> Work instructions: Once the line with "Husa Telefon 2in1, Flippy, Compatibila" is found in the entries below, repeat it and each following line exactly, up to and including the line with "Ensemble De Bistrot". Add no other lines.

> Supplied entries:
◆ ◆ ◆ ◆

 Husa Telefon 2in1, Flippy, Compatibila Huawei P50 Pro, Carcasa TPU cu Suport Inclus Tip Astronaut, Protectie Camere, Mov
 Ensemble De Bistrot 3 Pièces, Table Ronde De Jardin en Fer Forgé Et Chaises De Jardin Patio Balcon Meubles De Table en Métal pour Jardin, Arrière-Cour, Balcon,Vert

◆ ◆ ◆ ◆

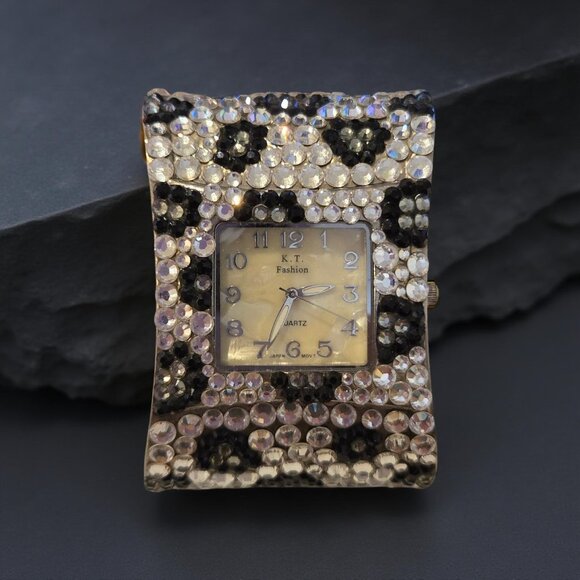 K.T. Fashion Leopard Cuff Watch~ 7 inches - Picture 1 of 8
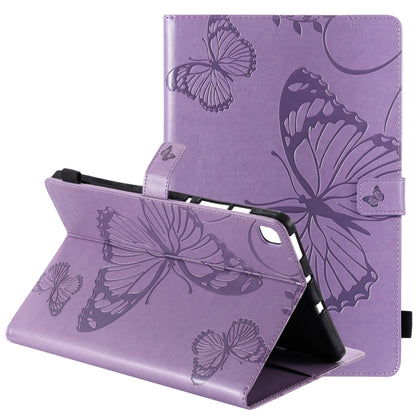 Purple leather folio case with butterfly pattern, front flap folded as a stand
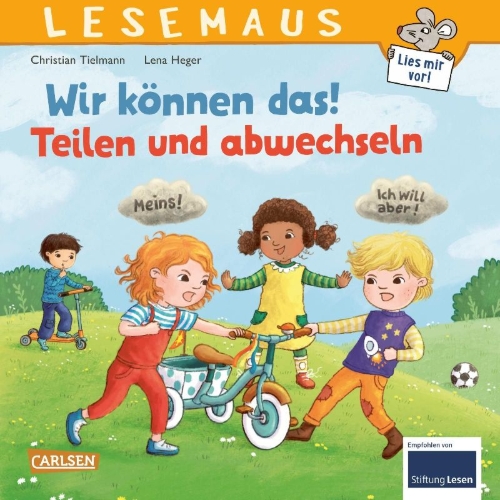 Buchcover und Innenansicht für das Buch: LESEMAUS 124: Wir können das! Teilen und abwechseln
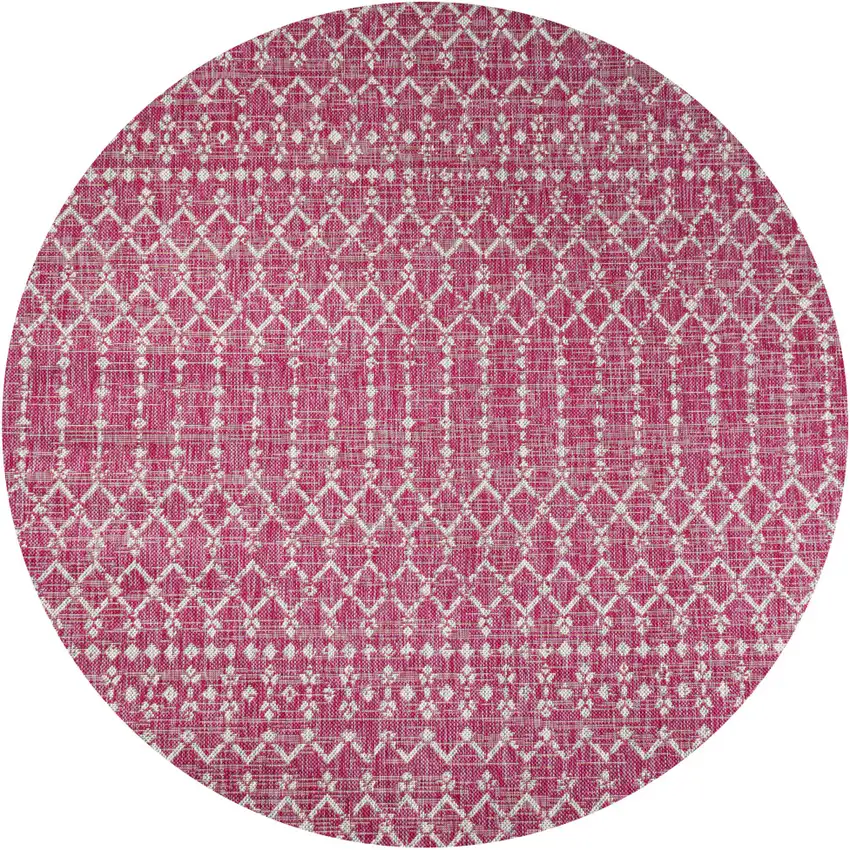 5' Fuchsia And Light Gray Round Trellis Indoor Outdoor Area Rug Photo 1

◆ ◆ ◆ ◆

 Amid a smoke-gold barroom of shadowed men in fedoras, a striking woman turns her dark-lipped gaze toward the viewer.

◆ ◆ ◆ ◆

> Your solution:
 Husa Telefon 2in1, Flippy, Compatibila Huawei P50 Pro, Carcasa TPU cu Suport Inclus Tip Astronaut, Protectie Camere, Mov
 Ensemble De Bistrot 3 Pièces, Table Ronde De Jardin en Fer Forgé Et Chaises De Jardin Patio Balcon Meubles De Table en Métal pour Jardin, Arrière-Cour, Balcon,Vert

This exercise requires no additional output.